While it would be easy to blame the Super Guarantee gravy train for a lack of focus on these funds’ operations, it seems the bigger issue comes down to a disconnect with members and clients. The evidence has and will continue to show that more and more members leave these major funds as they near retirement, and few can explain why.
In my opinion, it comes down to communication. For most people’s lives, their superannuation is viewed as someone else’s money, or something they can’t touch, and hence feel comfortable outsourcing this to a large institution without question.
But when they reach retirement, people inevitably want to know where their money is going, and how it is invested. Most importantly, they want to know how long it will last and how they will be able to deal with the uncertainties that come when there is no regular pay cheque.
Despite many funds having more than 1,000 employees, this pales in comparison to the millions of members they seek to support. How can any business offer emotional support to tens of thousands of retired clients who are concerned about what will happen to their bank or super account when they die? Most financial advice firms won’t exceed a client to adviser ratio of 150 to 1 for just this reason.
It seems one of the key reasons that super funds can be called out on the most basic levels of their service comes down to a disconnect with their members. And the challenge in servicing so many members in retirement is that this would require significantly more staff, which, in turn, would increase the cost for these funds.
Expanding on this disconnect, and what stands out during client conversations, is a lack of clarity on their approach to investing, and how this is communicated to members.

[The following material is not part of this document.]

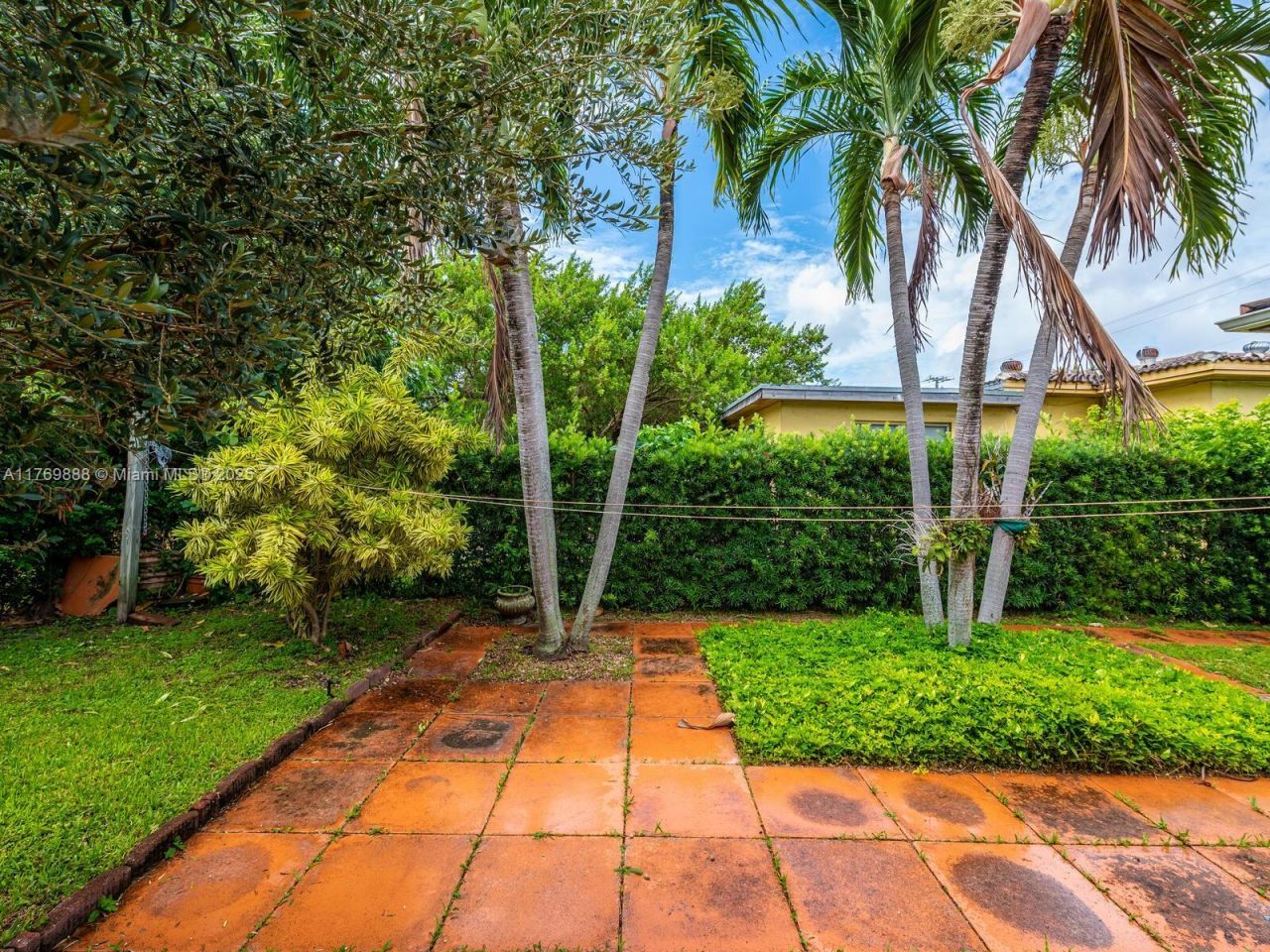 9441 Byron Ave, Surfside, FL 33154 Photo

With members seeking more information when they head towards retirement, a blanket, over-simplified investment policy just doesn’t cut it.

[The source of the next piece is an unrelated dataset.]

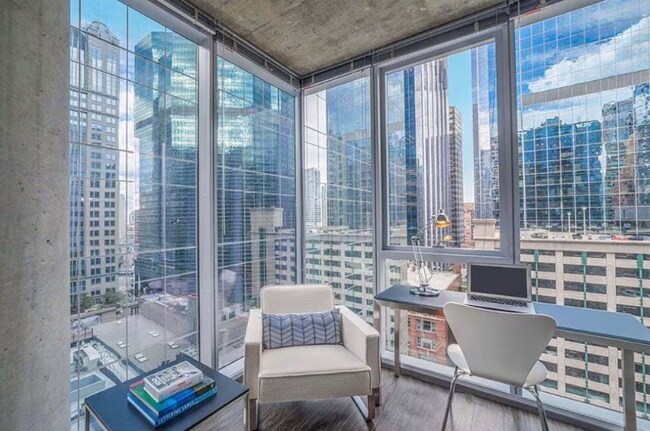 Foto del edificio - 200 W Washington St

Sit with any experienced financial adviser and they will be able to answer the question, “how will you invest my money down to the last dollar”? More importantly, most will be able to provide a coherent framework, such as core satellite, or active management, despite amounts that would be immaterial to a major fund.
Clients want to know what is driving their returns daily, and they want to know if they are invested in the companies making the news and what impact this is having on their portfolios. Similarly, and in an age of improving financial literacy, they want to know what their investment manager is adding above and beyond the average. Unfortunately, much of this information is difficult to extract except for the most experienced investors.
As a financial adviser, our performance is constantly compared with industry funds, while historically few have done the opposite. That situation is coming to an end, with many industry funds likely to come under the same heightened scrutiny that the advice sector faced for many years. For the sake of these funds’ members, let’s hope they respond. Quickly.